Solved – DHARMA to detect overdispersion in negative binomial

glmmnegative-binomial-distributionoverdispersionresiduals

I'm new to negative binomial GLMMs and still trying to get a hold of checking my residuals. DHARMa has been a huge help, but I still am having some inconsistent results. I am looking at three groups of predictor variables (insects, vegetation, and environmental) and attempting to discover the parameters that most impact bat activity (count data with an offset for # of survey days and random variable for Site).

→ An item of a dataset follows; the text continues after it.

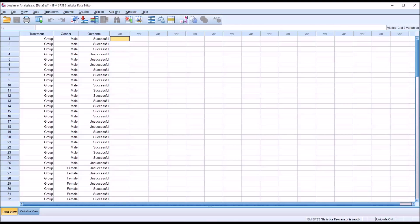Log Linear Analysis. Hello, this is Dr. Grande.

My scaled and centered dataset looks something like:

 $ Year             : Factor w/ 2 levels "2017","2018"
 $ Reampled         : Factor w/ 2 levels "No","Yes"
 $ Habitat          : Factor w/ 4 levels "MCF","MM","MMF","REGEN"
 $ Site             : Factor w/ 63 levels "MCF_001","MCF_002",...
 $ Disturbed        : Factor w/ 2 levels "Disturbed","Mature"
 $ Species          : Factor w/ 3 levels "MYLU","MYSE", "NoID"
 $ Count            : int  1 3 0 1 0 0 6 38 3 43 ...
 $ Bat.Survey.Nights: int  4 4 4 5 5 5 6 6 6 4 ...
 $ Avg.Coleoptera   : num  -0.201 -0.201 -0.201 -0.336 -0.336 ...
 $ Avg.Diptera      : num  -0.33 -0.33 -0.33 -0.579 -0.579 ...
 $ Avg.Hemiptera    : num  -0.42 -0.42 -0.42 -0.42 -0.42 ...
 $ Avg.Hymenoptera  : num  2.91 2.91 2.91 -0.497 -0.497 ...
 $ Avg.Lepidoptera  : num  -0.448 -0.448 -0.448 -0.369 -0.369 ...
 $ Avg.Other        : num  -0.448 -0.448 -0.448 -0.306 -0.306 ...
 $ Avg.Trichoptera  : num  0.0486 0.0486 0.0486 -0.3353 -0.3353 ...
 $ Avg.Biomass      : num  -0.382 -0.382 -0.382 -0.484 -0.484 ...
 $ Shannon.Weaver   : num  -0.6444 -0.6444 -0.6444 0.0588 0.0588 ...
 $ Num.Orders       : num  0.0714 0.0714 0.0714 -1.9005 -1.9005 ...
 $ Avg.Snags        : num  -0.855 -0.855 -0.855 1.846 1.846 ...
 $ Avg.Understory   : num  -0.00715 -0.00715 -0.00715 -0.94871 -0.94871 ...
 $ Avg.Midstory     : num  -0.352 -0.352 -0.352 0.256 0.256 ...
 $ Avg.Canopy       : num  -1.061 -1.061 -1.061 0.695 0.695 ...
 $ Avg.Canopy.Cover : num  -0.831 -0.831 -0.831 0.506 0.506 ...
 $ Perc.Dec.Dom     : num  -0.493 -0.493 -0.493 -1.095 -1.095 ...
 $ Avg.Bat.Date     : num  -0.772 -0.772 -0.772 -1 -1 ...
 $ Avg.Bat.Night.Hr : num  -0.841 -0.841 -0.841 -0.956 -0.956 ...
 $ Avg.Bat.Temp     : num  0.523 0.523 0.523 -0.559 -0.559 ...
 $ Bat.Dist.Edge    : num  -0.882 -0.882 -0.882 -0.434 -0.434 ...
 $ Bat.Elevation    : num  -0.743 -0.743 -0.743 -0.577 -0.577 ...
 $ Bat.Moon         : num  0.665 0.665 0.665 -0.284 -0.284 ...
 $ Bat.Dist.Water   : num  1.075 1.075 1.075 0.951 0.951 ...
 $ Bat.Water.Feat   : Factor w/ 3 levels "Lake","River", "Stream"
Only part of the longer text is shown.